What the task asks:
In the records below, the line with "Biorepair Peribioma tooth" and every line after it must be written out exactly; no pictures belong in the result.

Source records
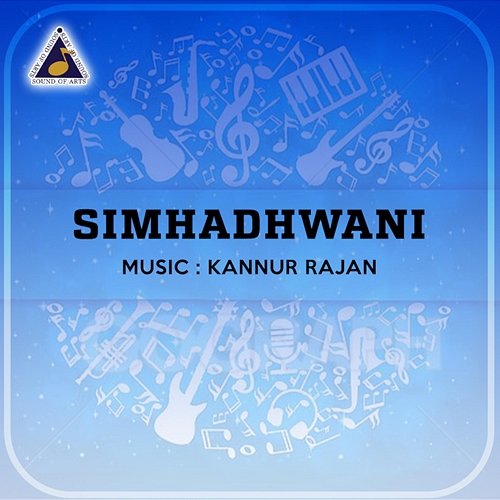 Simhadhwani Kannur Rajan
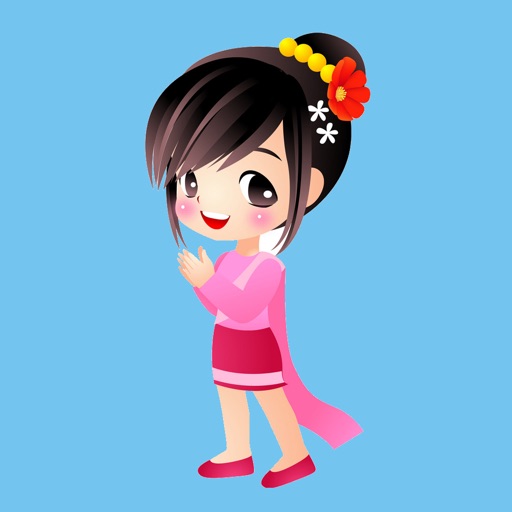 Pink Thai Girl Stickers iOS App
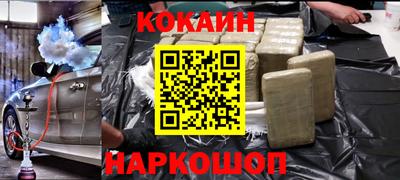 экстази Новокубанск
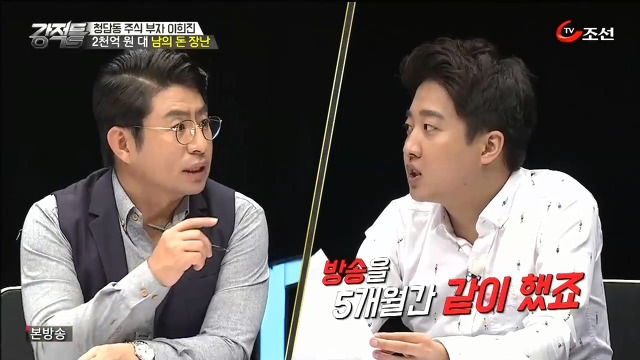 미디어에 대한 맹신이 낳은 비극...청담동주식부자.jpg | 인스티즈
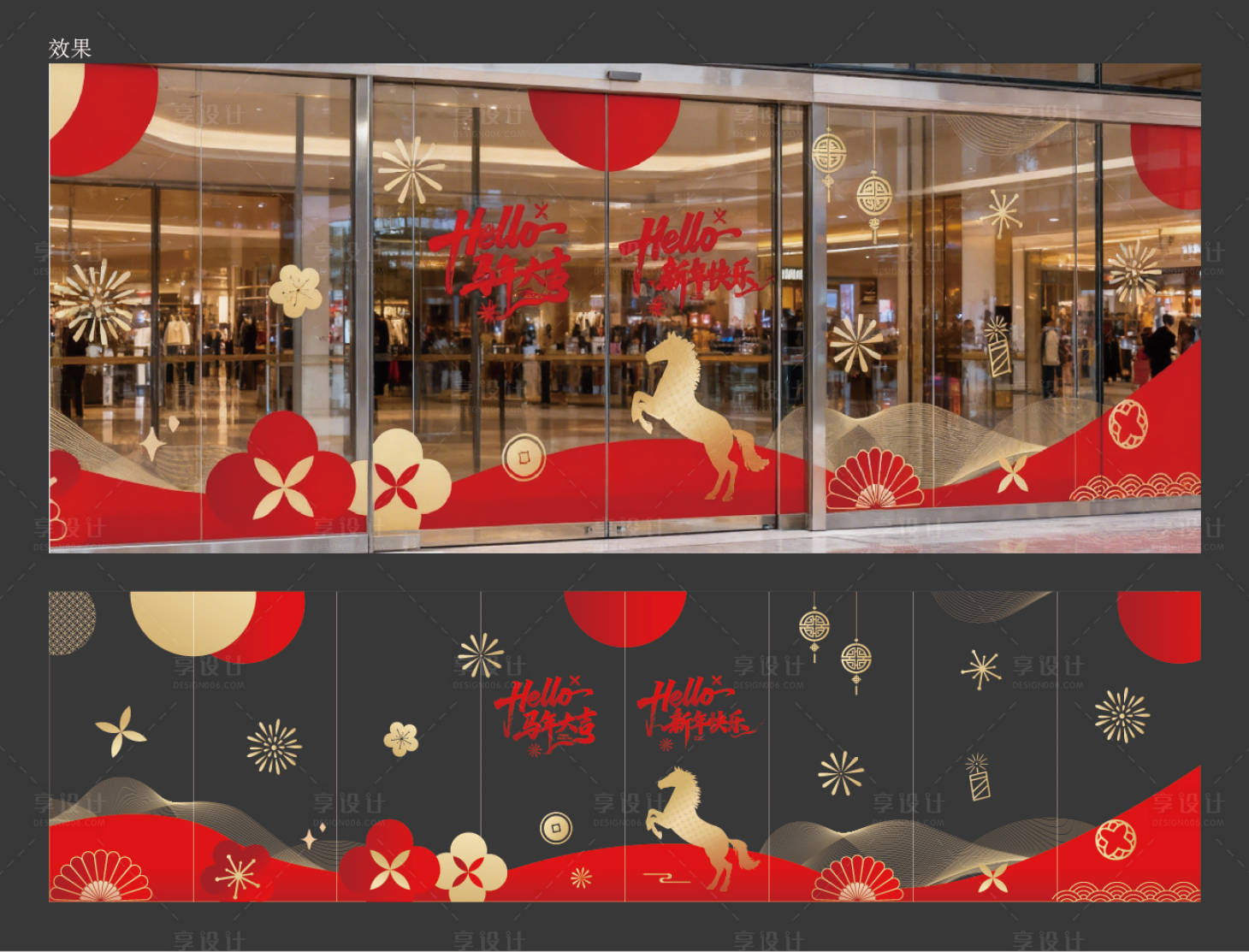 源文件下载【享设计】搜索编号：54070034135889840【商场玻璃贴】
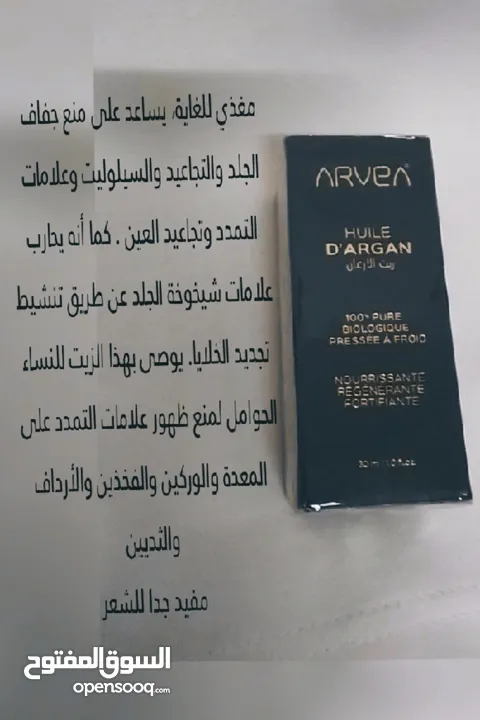 منتجاتنا مضمونه نتيجتها بسعار حلوه جدا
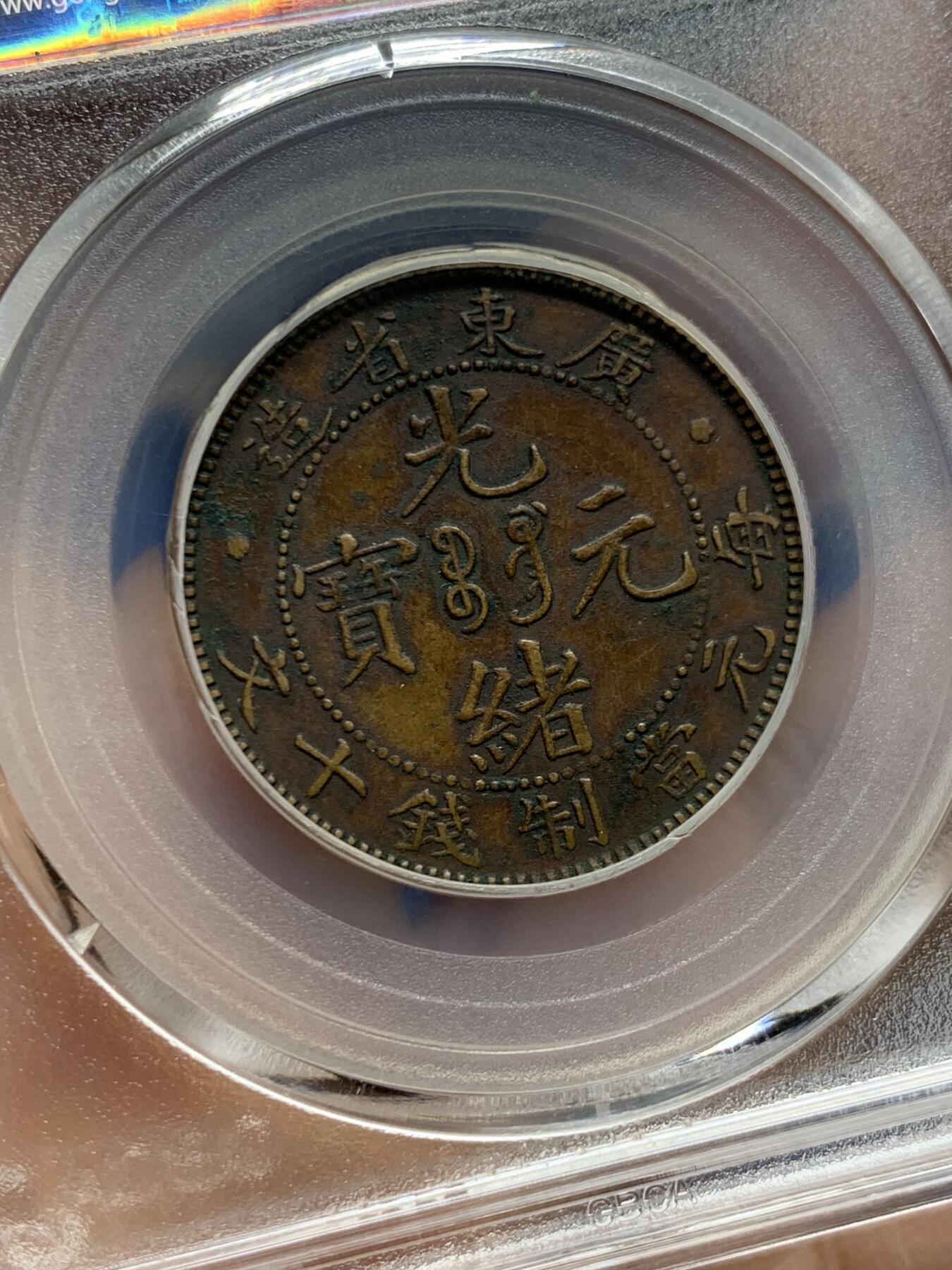 《竞宝斋》第452场 周日，周一 2场连拍 （全场包邮，欢迎送拍） 公博 XF01 1904广东省造10文 平头金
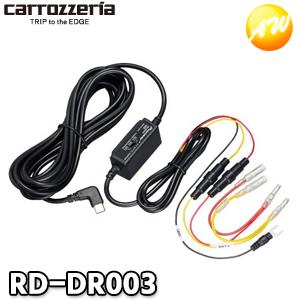 カロッツェリア RD-DR003 駐車監視ユニット デジタルミラー型ドライブ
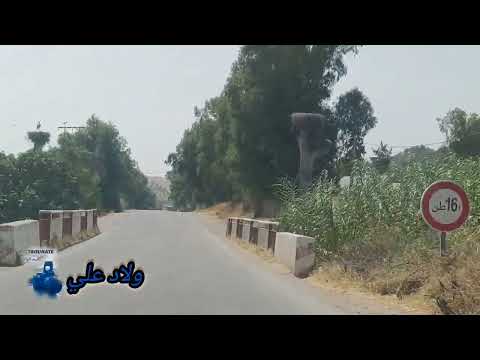 دوار اولاد علي جماعة اولاد داود إقليم تاونات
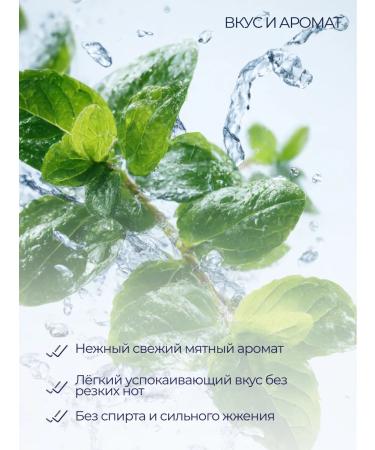 Biorepair Peribioma tooth foam 200 ml - Buy Online on GoSupps.com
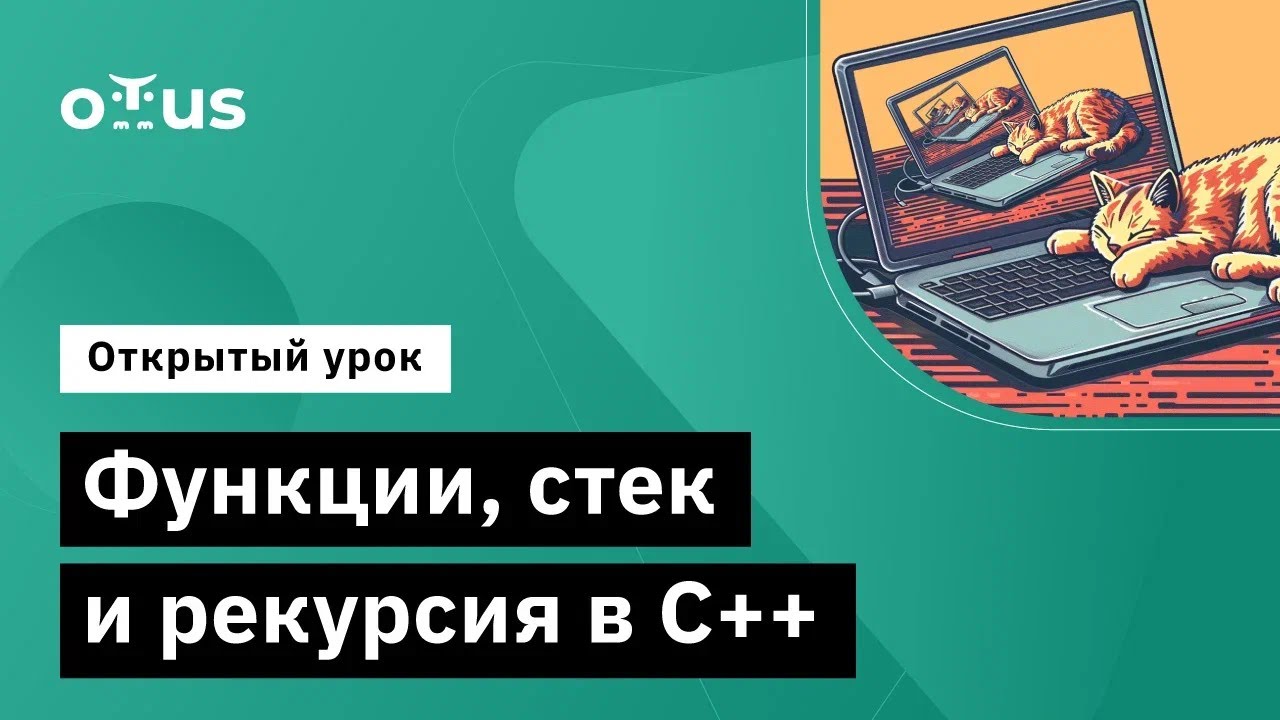 Функции, стек и рекурсия в C++ // Демо-занятие курса &laquo;C++ Developer&raquo;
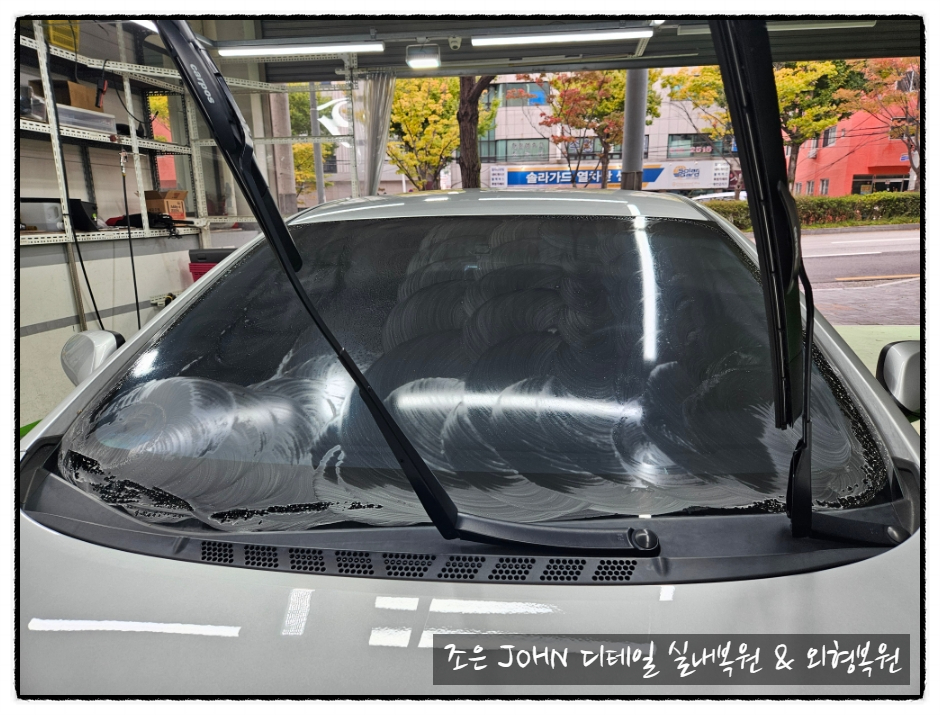 조은세차장 이미지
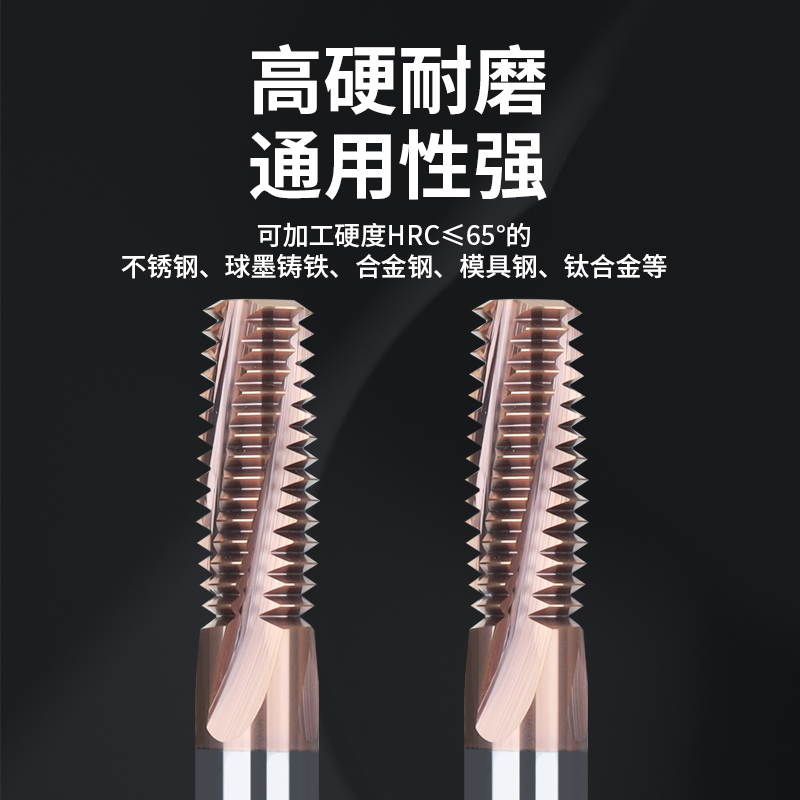 5度高硬钨钢全牙螺纹铣刀整体硬质合金全齿铣牙刀加工中心钢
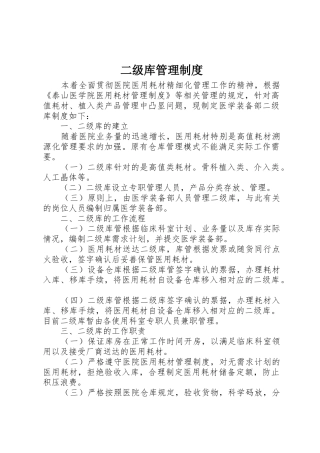 二级库管理制度_1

Written solution:
 Biorepair Peribioma tooth foam 200 ml - Buy Online on GoSupps.com
 Функции, стек и рекурсия в C++ // Демо-занятие курса &laquo;C++ Developer&raquo;
 조은세차장 이미지
 5度高硬钨钢全牙螺纹铣刀整体硬质合金全齿铣牙刀加工中心钢
 二级库管理制度_1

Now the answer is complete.